WHAT IS EXPECTED → Write out exactly, excluding pictures, the lines from the one containing "Over a wide" through the end of the data, both included.

========

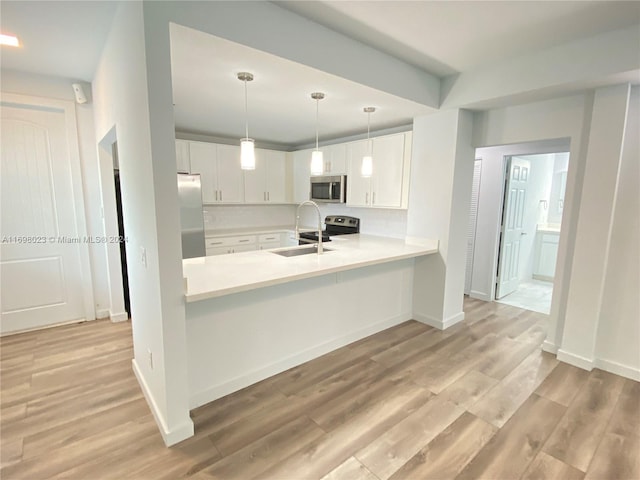 kitchen featuring white cabinets, sink, stainless steel appliances, and light hardwood / wood-style flooring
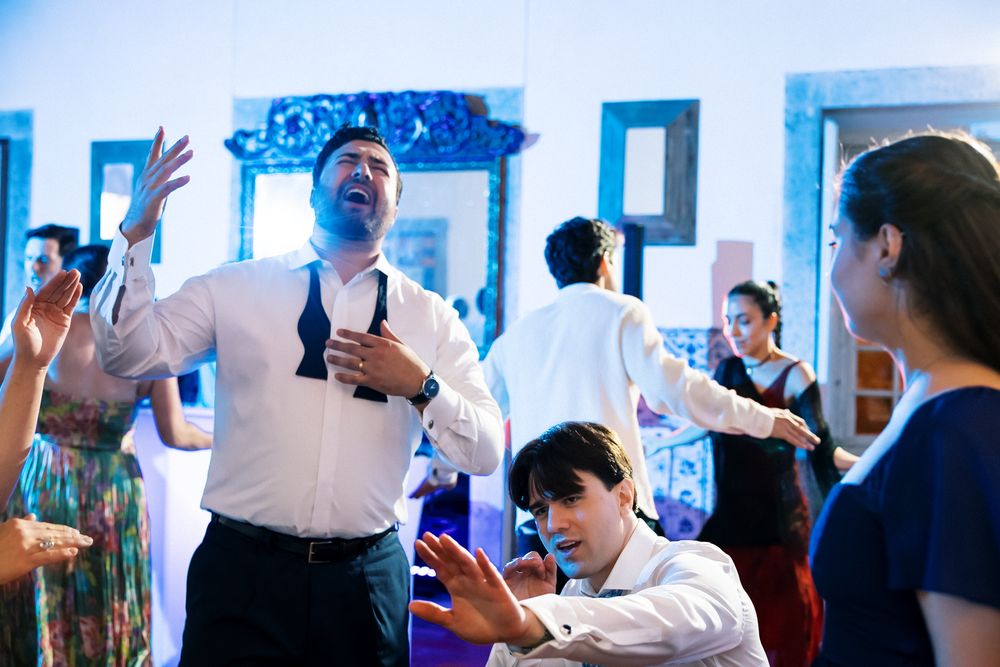 Destination wedding party at Quinta do Torneiro with couple dancing in the middle of the crowd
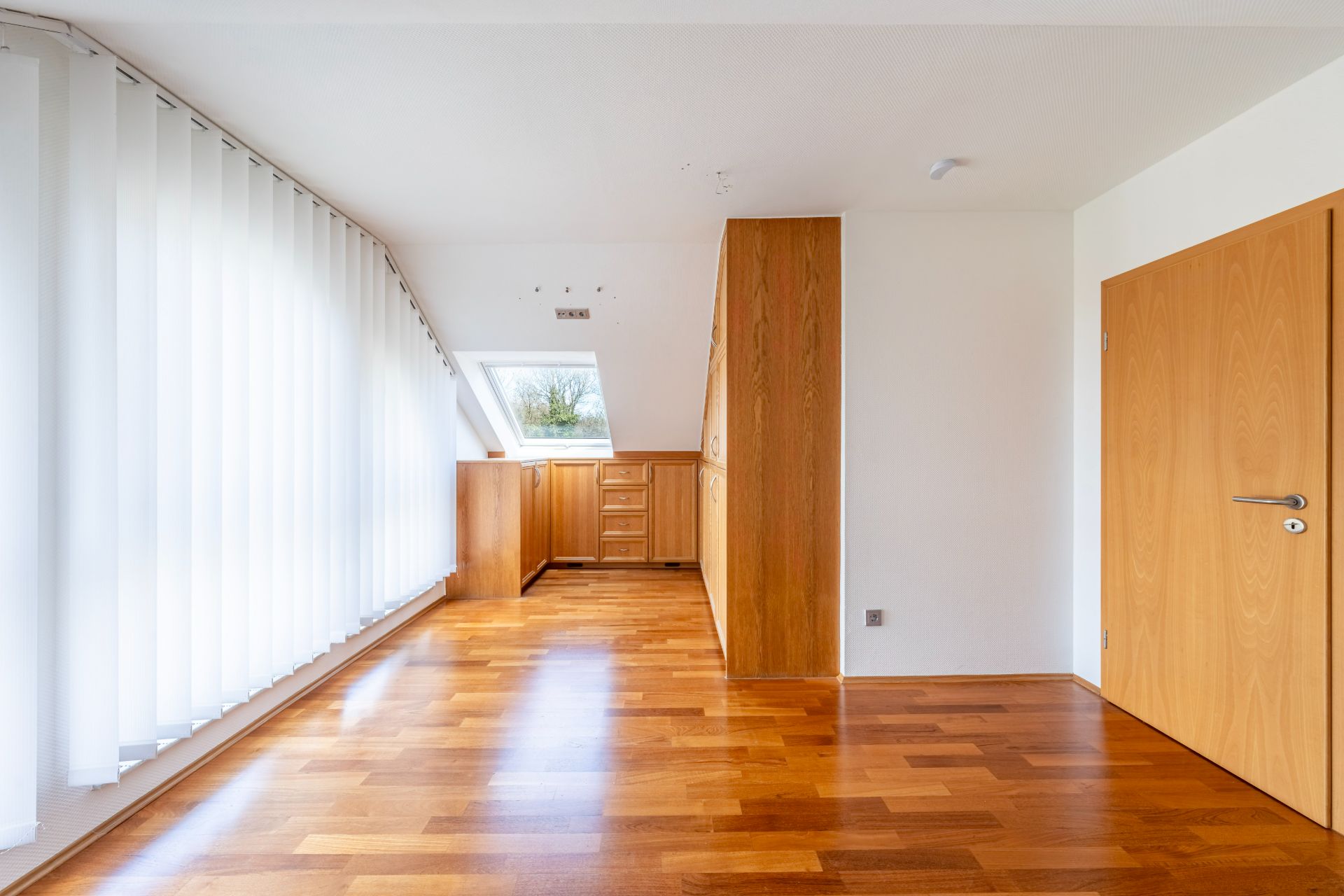 Helles Zimmer mit Parkettboden, Holzschränken und großen Fenstern mit vertikalen Jalousien.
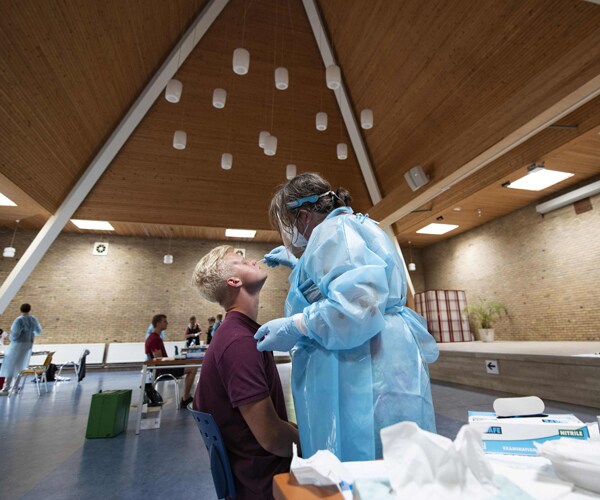 a healthcare worker in the netherlands performs a covid-19 test on a patient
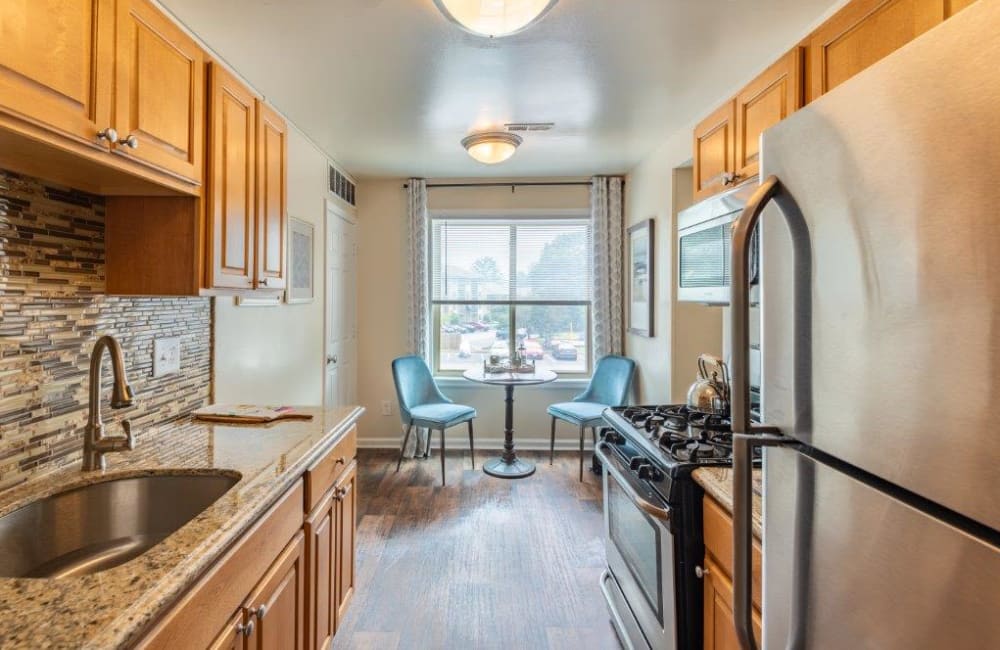 Contemporary kitchen with stainless steel appliances and tile backsplash at Chesapeake Glen Apartment Homes in Glen Burnie, MD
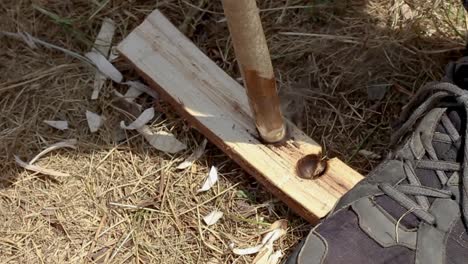 bushcrafter boy scout setting a fire using bow method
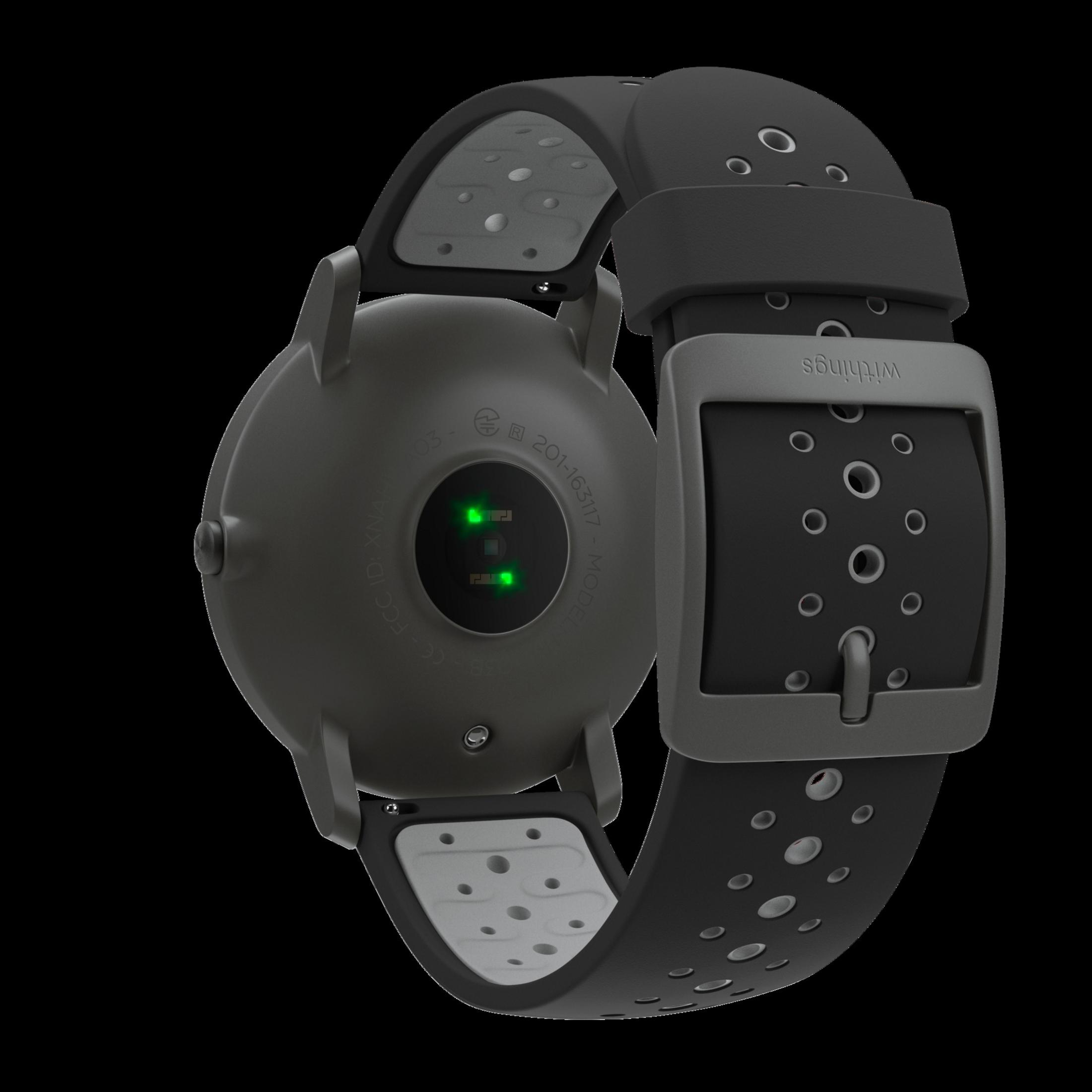Schwarze Smartwatch mit grauem Armband, grünes Licht auf der Rückseite, dunkler Hintergrund.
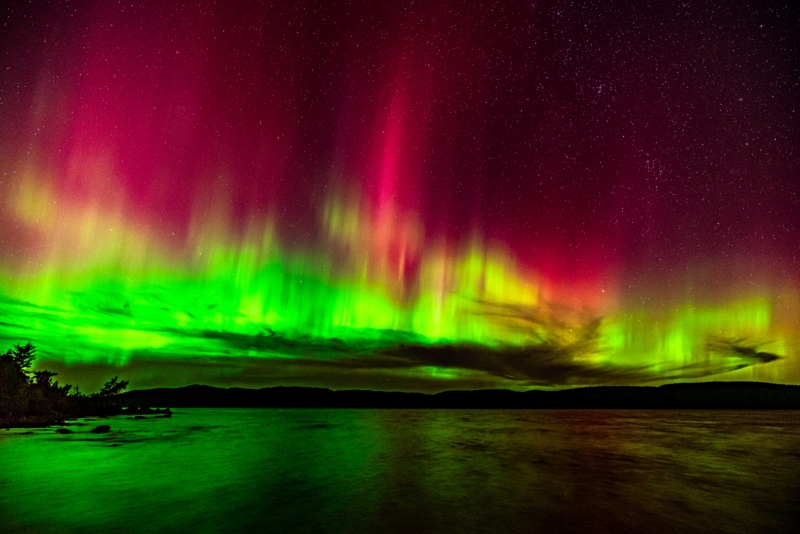 Over a wide expanse of water at night, vivid green in the sky gives way to streaks of crimson.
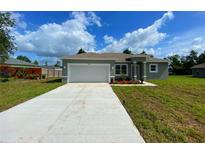 Charming single-story home with a two-car garage and well-maintained landscaping at 4437 Sw 159Th Pl, Ocala, FL 34473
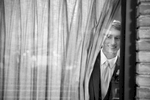 Brandon peeks out as he's sequestered in the room before the ceremony with his groomsmen. Ceremony at Our Saviour Catholic Church, Jacksonville. Wedding photography by Tiffany & Steve Warmowski.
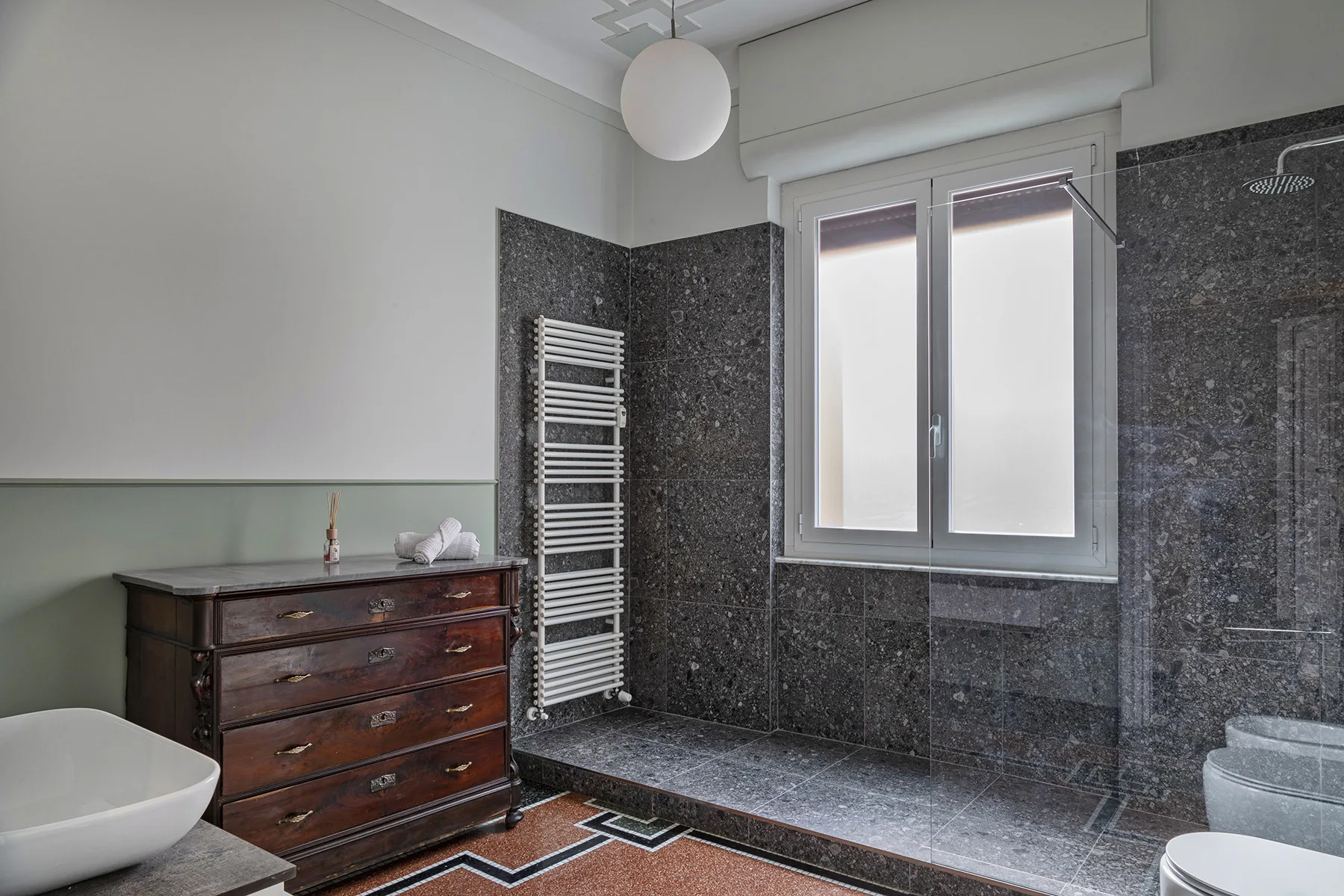 A bathroom with a bathtub, a towel radiator, and a window beside the shower.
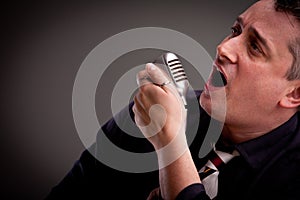 Fifties style singer on a dark background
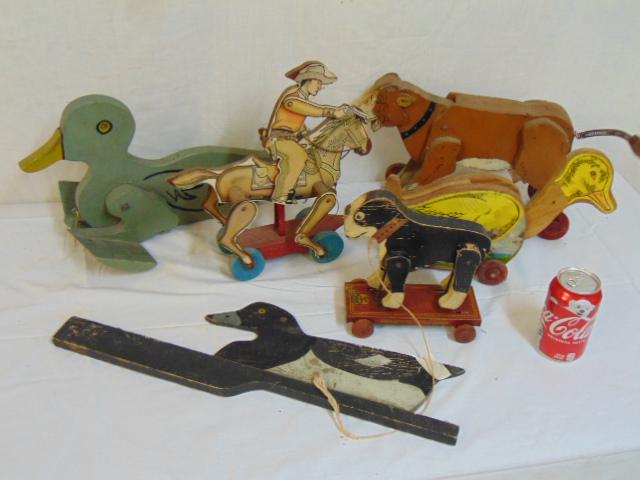Vintage wood pull toy lot, various animals, paint: Vintage wood pull toy lot, various animals, paint decorated & paper applied decoration, duck, cowboy on horseback, dog, cow.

========

SOLUTION TO THIS EXERCISE →
 Over a wide expanse of water at night, vivid green in the sky gives way to streaks of crimson.
 Charming single-story home with a two-car garage and well-maintained landscaping at 4437 Sw 159Th Pl, Ocala, FL 34473
 Brandon peeks out as he's sequestered in the room before the ceremony with his groomsmen. Ceremony at Our Saviour Catholic Church, Jacksonville. Wedding photography by Tiffany & Steve Warmowski.
 A bathroom with a bathtub, a towel radiator, and a window beside the shower.
 Fifties style singer on a dark background
Vintage wood pull toy lot, various animals, paint: Vintage wood pull toy lot, various animals, paint decorated & paper applied decoration, duck, cowboy on horseback, dog, cow.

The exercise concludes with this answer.